*Task inputs*.
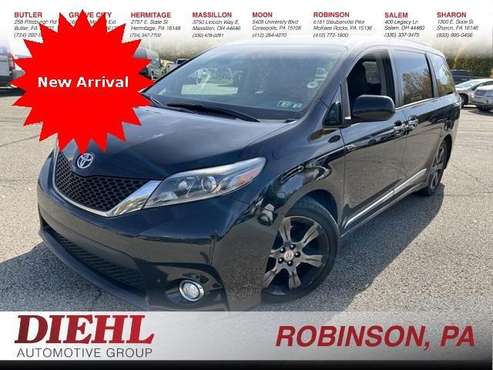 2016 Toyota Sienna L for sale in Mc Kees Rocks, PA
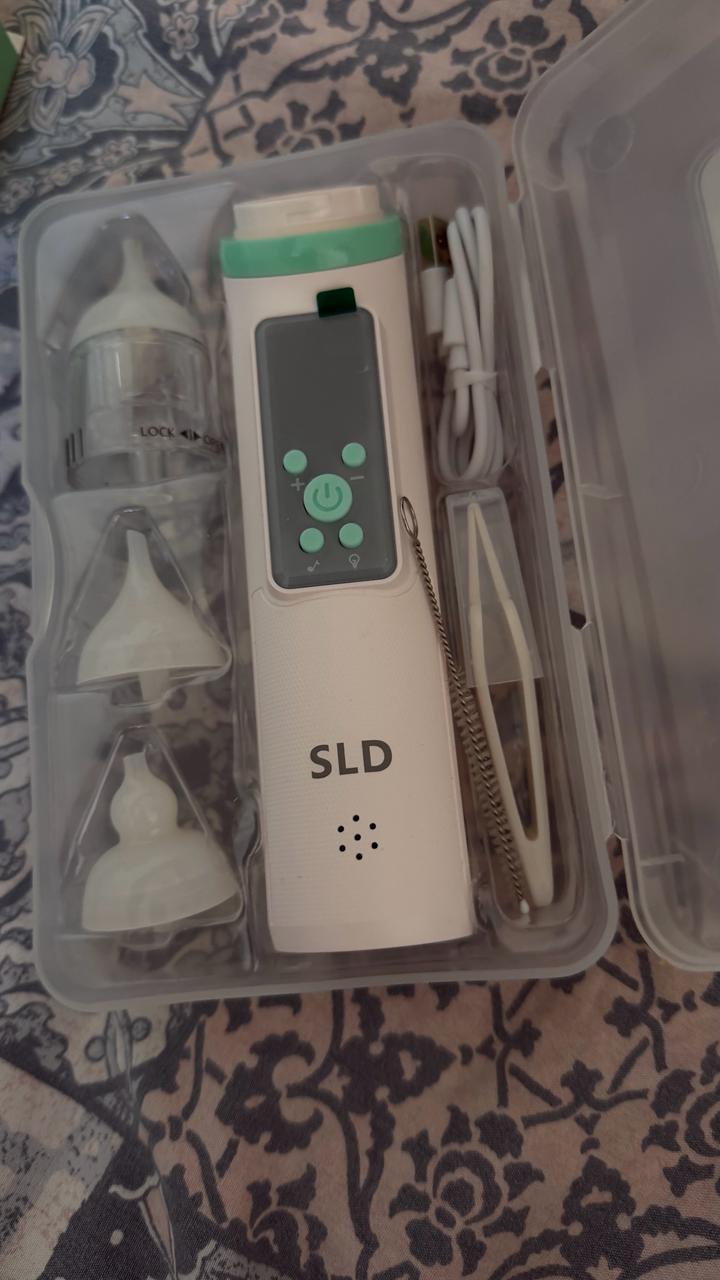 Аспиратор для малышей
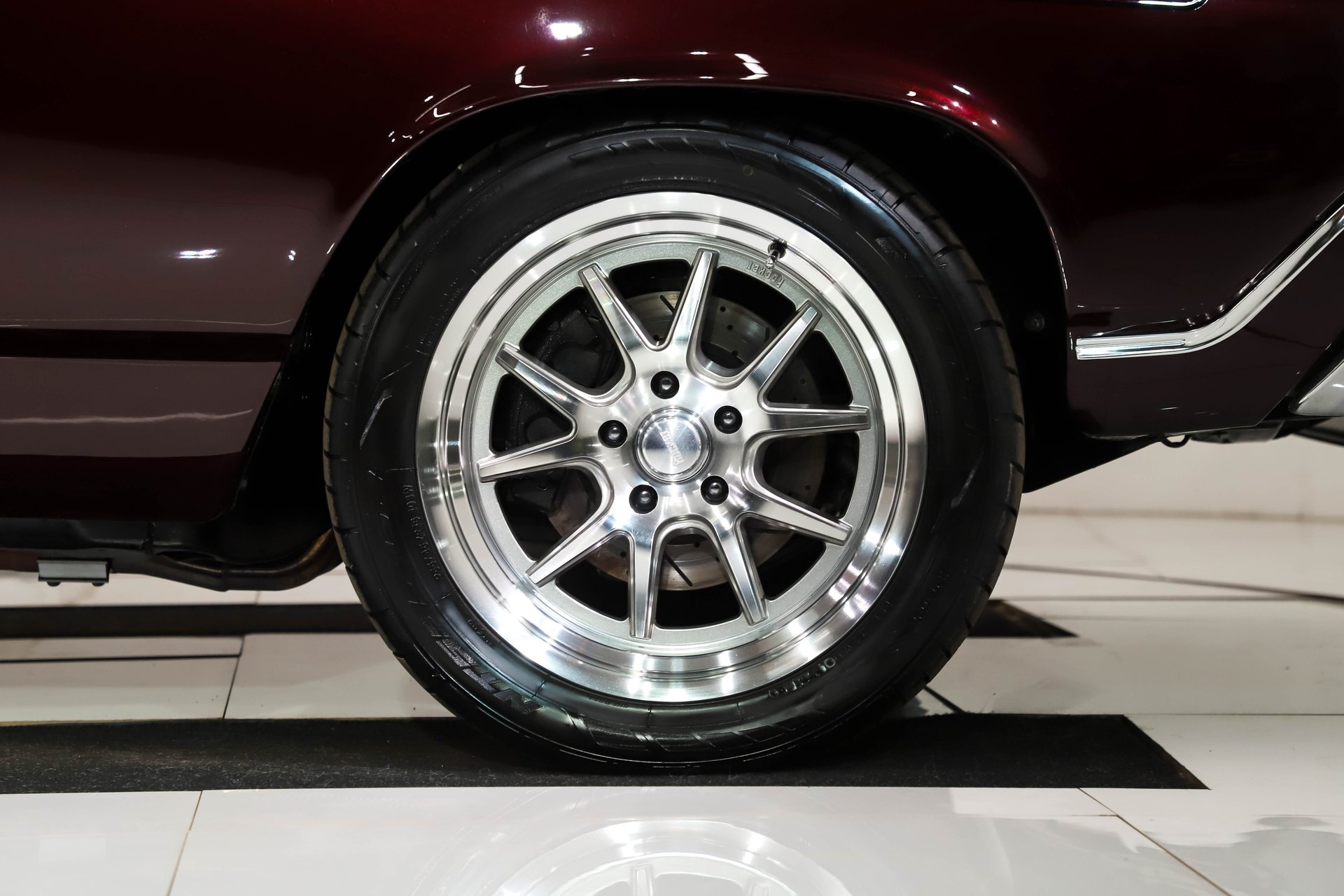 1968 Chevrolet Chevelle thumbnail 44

---

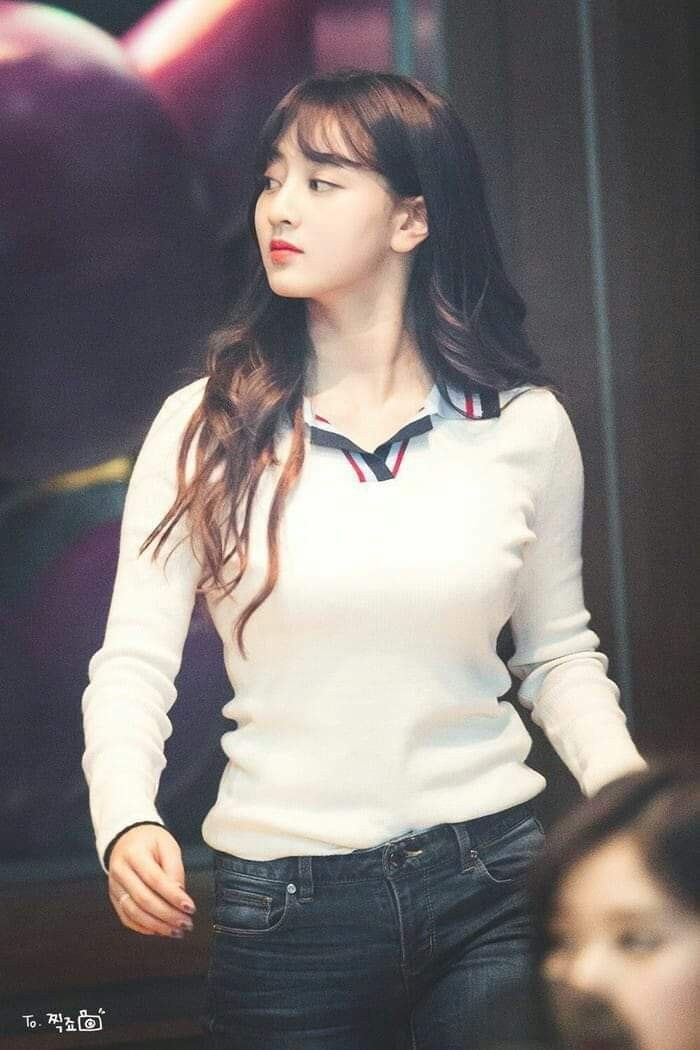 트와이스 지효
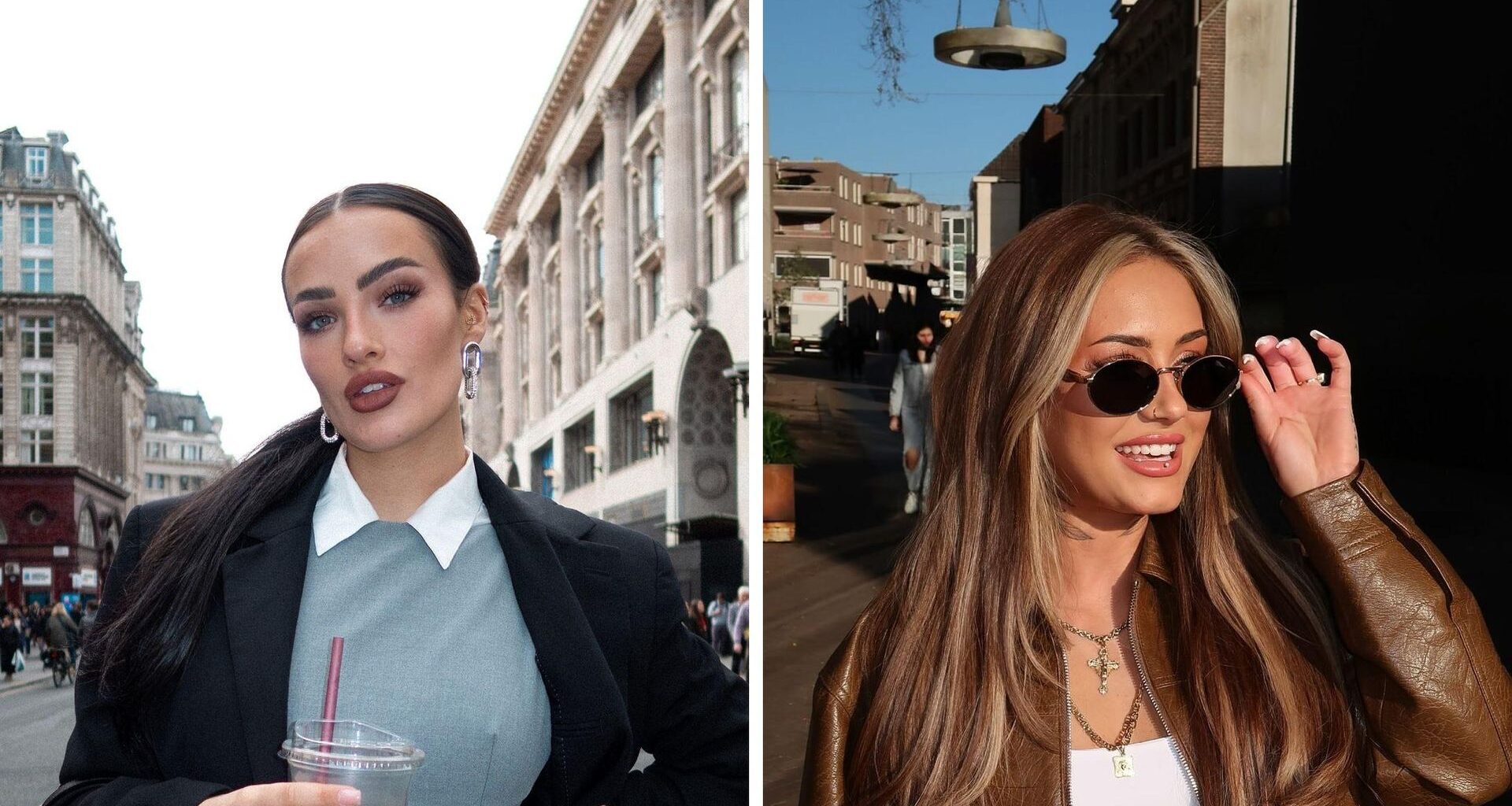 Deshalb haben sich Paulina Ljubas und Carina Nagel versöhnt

*Task instructions*. Each line above that falls between the line with "2016 Toyota Sienna" and the line with "1968 Chevrolet Chevelle thumbnail 44" should be printed exactly, together with those two lines, but the pictures should not.

*Result of the task*.
 2016 Toyota Sienna L for sale in Mc Kees Rocks, PA
 Аспиратор для малышей
 1968 Chevrolet Chevelle thumbnail 44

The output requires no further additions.